Einen Überhang von 1500 Personen gebe es an Gymnasial-Lehrern. doch nur 29 von ihnen hätten auf das Angebot reagiert, mit begleitender Pädagogik-Ausbildung an Grundschulen zu unterrichten.

Die Grundschule für Lehrer durch eine höhere Gehaltsstufe attraktiver zu machen, forderte in der Diskussion ein Verbandsvertreter. Die Einstufung in A12/A13 sei ein Thema, das in allen Bundesländern diskutiert werde, so Eisenmann. Zur Entlastung der Rektoren würde überlegt, sie bei Verwaltungstätigkeiten zu unterstützen. Dass der Lehrer-Beruf an Attraktivität verloren habe, erkannte Eisenmann auch im Umgang mit ihnen. Wie Lehrer verbal und körperlich angegriffen würde, das sei „erschreckend“.

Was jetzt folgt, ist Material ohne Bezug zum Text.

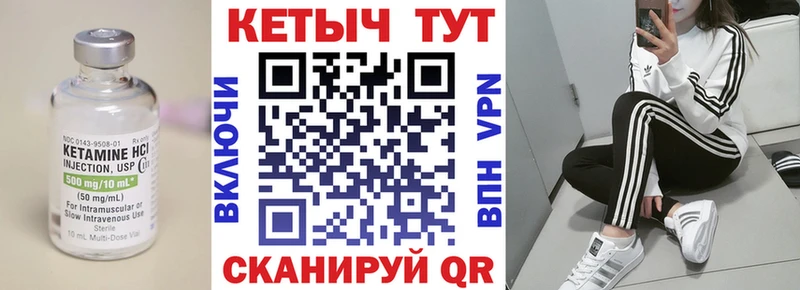 блэк спрут   Реутов  Кетамин VHQ 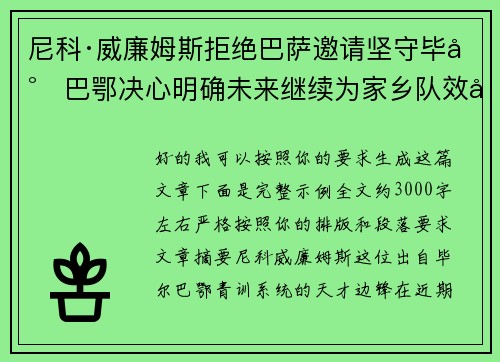 尼科·威廉姆斯拒绝巴萨邀请坚守毕尔巴鄂决心明确未来继续为家乡队效力 尼科·威廉姆斯拒绝巴萨邀请坚守毕尔巴鄂决心明确未来继续为家乡队效力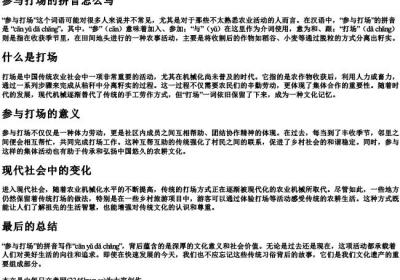 参与打场的拼音怎么写.docx免费下载(word版可打印)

Weiter existieren könnten die 44 G9-Modellschulen bestätigte Susanne Eisenmann Klaus Hagmann, der zur Zeit der Einführung von G8 Elternbeiratsvorsitzender am Kreisgymnasium in Riedlingen war und Kontinuität forderte. An G8 flächendeckend werde nicht gerüttelt, auch mangelnder Ressourcen wegen, hörte er. Ob die Entscheidung zur Einführung richtig war, ließ sie dahingestellt.

Schließlich ging es noch um die frühkindliche Erziehung in den Kindergärten, die auch unter dem Fachkräftemangel leidet. Der angefragte Orientierungsplan sei in der Verhandlung.